Damn, so he was probably pushing a combined total of like 380 horses once you count all the decals and keep in mind windshield banners are double the horsepower.


----------



## psr (Oct 6, 2003)

Damien2414 said:


> he has the 2.0 motor


yeah he had the 2.0 non turbo m/t


----------



## Blank (Aug 21, 2003)

Estis Fatuus said:


> Damn, so he was probably pushing a combined total of like 380 horses once you count all the decals and keep in mind windshield banners are double the horsepower.


 windshield banners are worth double??!?? thats why my friends 92 metro keeps killin me, i didnt figure in the double bonus for the windshield banner... those 3 cyl get pretty peppy after the first 8 stickers...


----------



## mobius97 (Jun 2, 2004)

SLeePer200SX said:


> Look, I have been driving the 91 GS-T for about a year now, It has a turbo and stock was really quick.
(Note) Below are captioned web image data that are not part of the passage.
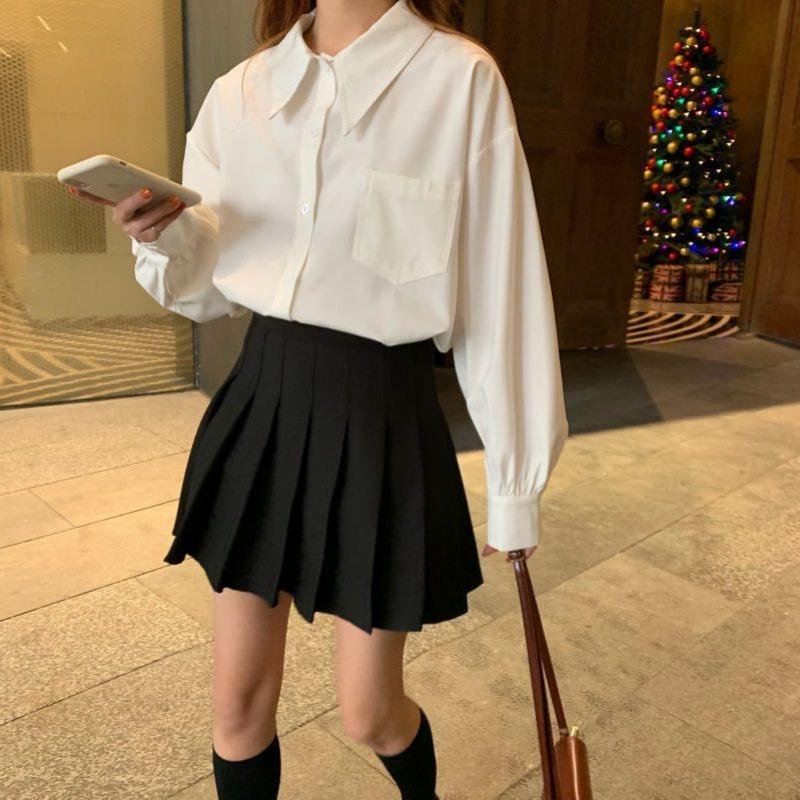 Französische Spitze Schleife Damen Gestreiftes Hemd Koreanisch Minimalistisch Puffärmel Dame Kurzarm Sommer Kontrastierendes Mode Oberteil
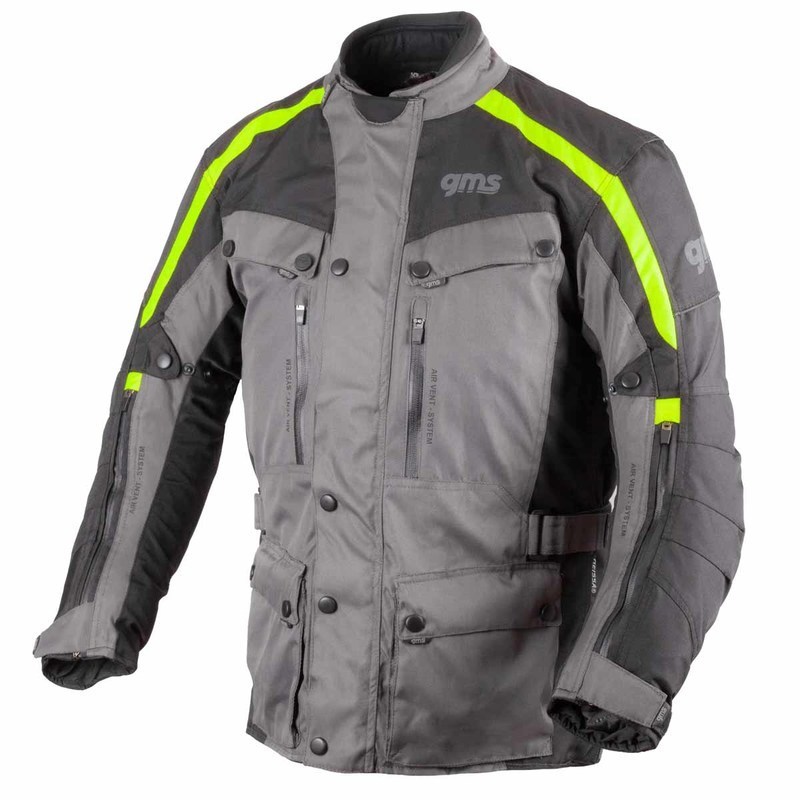 Jacket GMS TEMPER ZG55005 dark grey-yellow fluo L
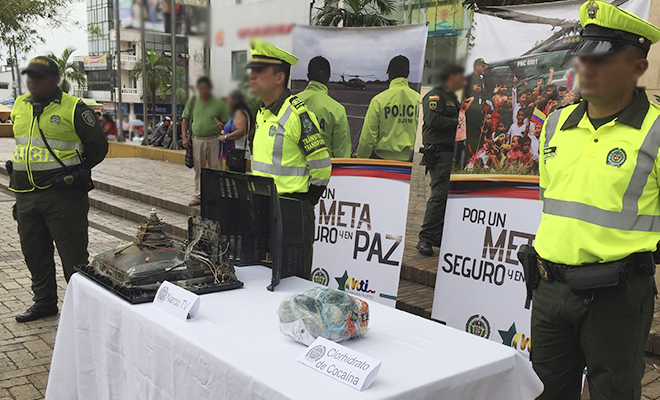 La Policía Nacional-halló-‘narco-Tv’-con-cinco-kilos-de-clorhidrato de cocaína-en-su-interior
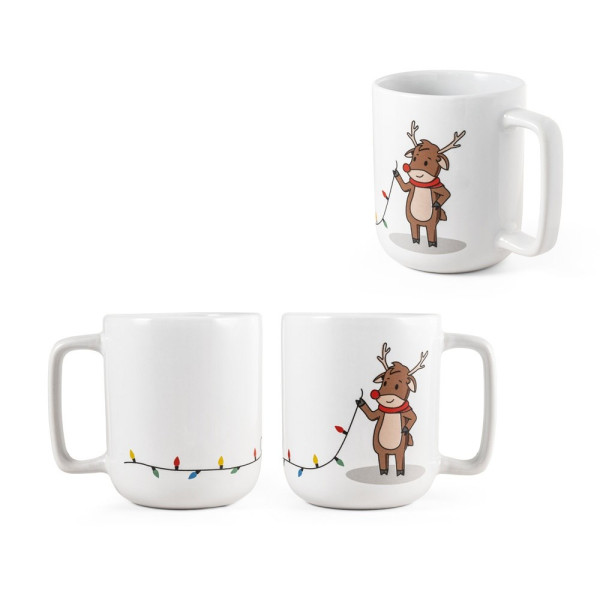 REINDEER. Mok met kerstopdruk 330 mL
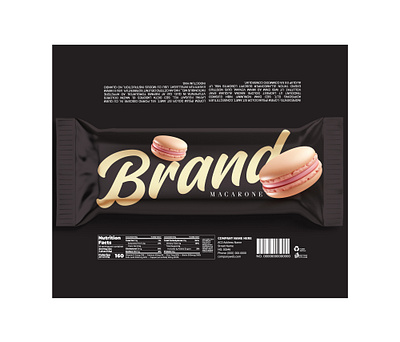 BRANDEX Macarone – Premium Dark Edition Packaging Design artistic package design
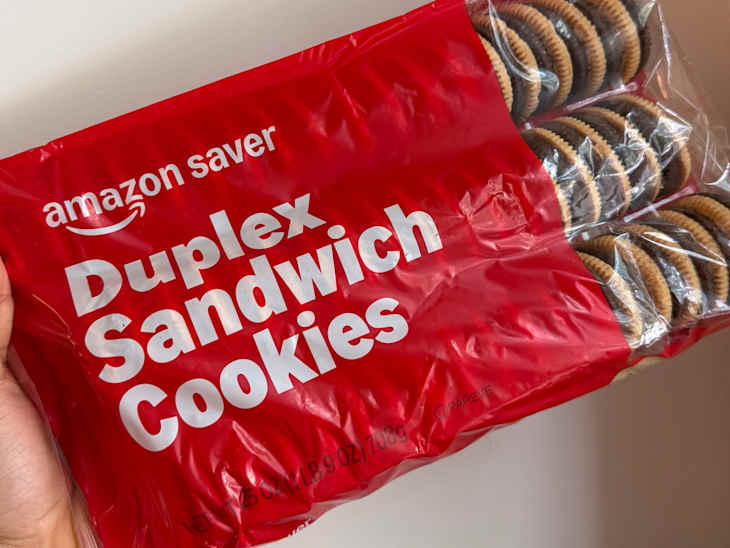 Amazon saver Duplex Sandwich Cookies.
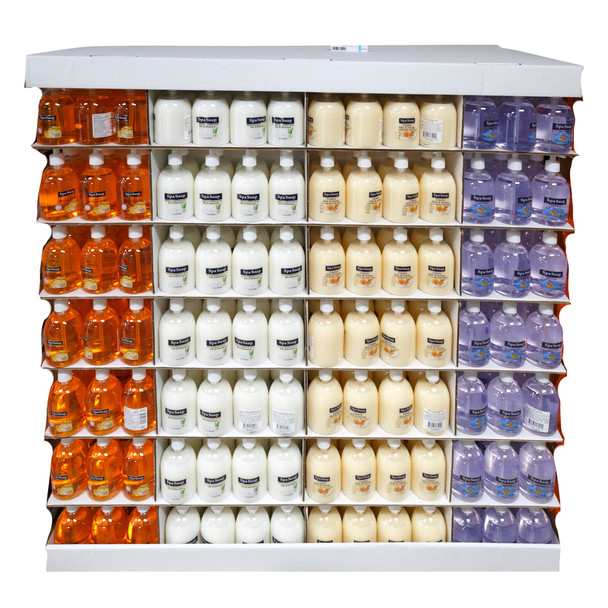 SOAP LIQUID 16OZ PUMP 490PC HALF PALLET DISPLAY SPASOAP 4ASSORTED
I have not personally driven the GA16DE or the SR20DE, but I can assure you that my stock Eclipse can beat the GA16DE. I believe that the Stock Eclipse and Talon Turbos both came with about 196 HP and the stock around 116 HP. Im not 100% sure. But the 90-94 eclipse's came with a six bolt engine which had a better bottom half and the 95-99 came with a seven bolt engine which had a better top half. Now the SR20DE I believe could take the Eclipse and Talon w/out turbo. But to be honest I dont think that they could beat a TSi or the GS-T or GSX. Now dont get me wrong, I believe that the Ga16DE,SR20DE, and the SR20DET, engines are much better and much much more reliable. Right now I cant stand DSM's and it would do nothing more than make me happy to see Nissan car's smoke DSM's. My Eclipse was excelent from 0-60 but had the worst top end. I had a big16 G turbo, greddy Front mount, greddy upper piping, poted out manifold and o2 housing, and a full 3 inch from turbo back greddy exhaust. And in the end I was beatin Camaro's, but only hit around 137 top speed. In the end DSM's suck and NISSAN's rule. But I though Id shed some light on the issue. If im wrong in any of my info, please tell me.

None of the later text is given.